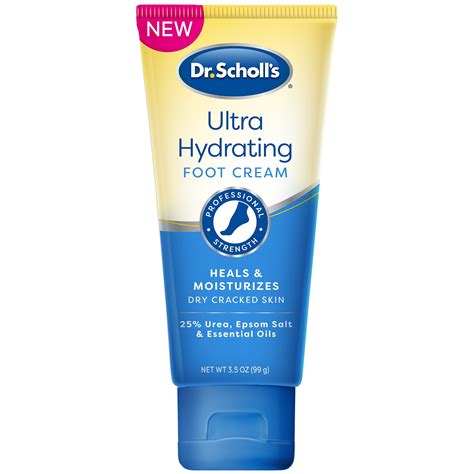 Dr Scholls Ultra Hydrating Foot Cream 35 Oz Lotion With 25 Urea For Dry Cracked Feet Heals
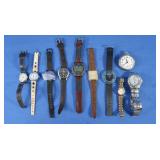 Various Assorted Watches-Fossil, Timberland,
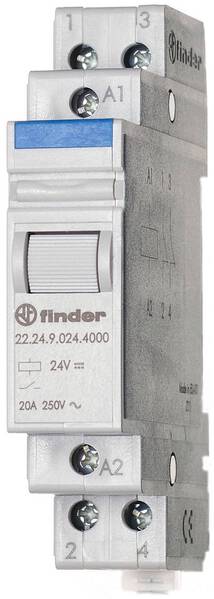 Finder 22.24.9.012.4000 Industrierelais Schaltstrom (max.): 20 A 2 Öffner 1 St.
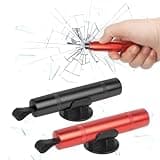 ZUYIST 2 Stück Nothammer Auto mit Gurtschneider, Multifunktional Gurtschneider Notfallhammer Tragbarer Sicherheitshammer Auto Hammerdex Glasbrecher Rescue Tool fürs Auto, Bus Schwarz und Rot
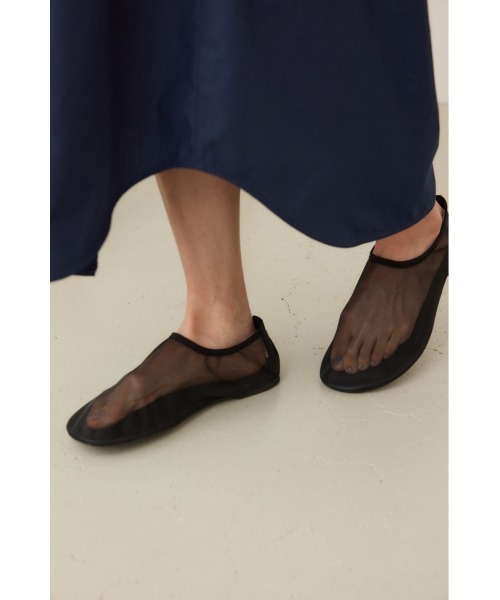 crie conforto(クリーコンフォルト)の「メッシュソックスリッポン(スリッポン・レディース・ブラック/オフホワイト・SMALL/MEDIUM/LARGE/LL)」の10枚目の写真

□ □ □ □ □ □ □

• **Description of the task**: Each line from the one containing "ZUYIST 2 Stück" through the final line of the data must be reproduced exactly, both ends included, with no pictures in the copy.

• **Response to the exercise**:
 ZUYIST 2 Stück Nothammer Auto mit Gurtschneider, Multifunktional Gurtschneider Notfallhammer Tragbarer Sicherheitshammer Auto Hammerdex Glasbrecher Rescue Tool fürs Auto, Bus Schwarz und Rot
 crie conforto(クリーコンフォルト)の「メッシュソックスリッポン(スリッポン・レディース・ブラック/オフホワイト・SMALL/MEDIUM/LARGE/LL)」の10枚目の写真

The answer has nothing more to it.